Business intelligence terminology
The Business Intelligence terminology that is used in Business Intelligence solution is described here.
Schema: is the logical and physical definition of data elements, physical characteristics, and inter-relationships in a database.
Data Warehouse: is a relational database that is designed for query and analysis, rather than for transaction processing. It usually contains historical data that are derived from the transaction data, and can include data from other sources too. It separates analysis workload from transaction workload, and enables an organization to consolidate data from several sources.
The schema that is designed for transactional processing is referred as online transaction processing (OLTP). The schema that is designed for analysis purposes is called online analytical processing (OLAP).

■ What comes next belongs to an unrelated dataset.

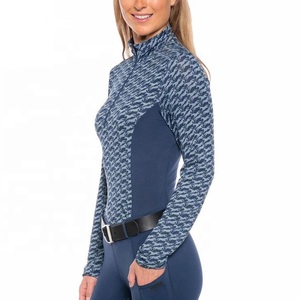Camiseta Térmica de Manga Larga para Mujer, para Montar a Caballo, Transpirable, de Secado Rápido, Ropa Deportiva Activa - Product Image 2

Data Mart: is also known as local data warehouse. A data mart is a database that has the same characteristics as a data warehouse, but is smaller, and is focused on data for one division or one work group within an enterprise. Following are the data mart objects:
- Dimension Table:
Is also known as a lookup table or reference table. It contains relatively static data in a data warehouse, and stores the information that is used to satisfy queries. Dimension tables are textual and descriptive and can be used as row headers. Examples of dimension tables are Customers and Products.
- Fact Table:
Is a large table in the data warehouse schema that stores business measurements. It typically contains facts and foreign keys to the dimension tables, and usually represents numeric and additive data that can be analyzed and examined. Examples of fact tables include Sales, Cost, and Profit.
- Aggregate Table:
Is also known as a summary table. It contains data that is summarized up to a certain level of detail for improving query performance.
- Star schema:
Is the simplest data warehouse schema. It is called a star schema because the diagram resembles a star. The center of the star consists of one or more fact tables and the points of the star are the dimension tables. A star schema optimizes performance by keeping queries simple and providing fast response time. All the information related to each level is stored in one row. Star schema helps you analyze the metrics in a fact table by the attributes of the dimensions that are linked to it. For example, to calculate the total sales of a particular product in a quarter, the corresponding fact table is used to derive data. The product and time dimensions provide the contextual information about the particular product and the quarter.
- Snow Flake schema:
Is a type of star schema in which the dimension tables are either partly or fully normalized.
- ETL
The online analytical processing (OLAP) database is loaded regularly to facilitate the task of business analysis. To load the database regularly, data from one or more online transaction processing (OLTP) systems must be extracted and copied into the data warehouse. The process of extracting data from source systems and bringing it into the data warehouse is commonly called ETL, which stands for extraction, transformation, and loading.
- Denormalization
The process of flattening the design of a database by adding redundant data or by grouping data is known as denormalization. A relational normalization database imposes a heavy access load on the physical storage of data even if the database is tuned for optimal performance. In some cases, denormalization helps to resolve these inefficiencies in the relational database.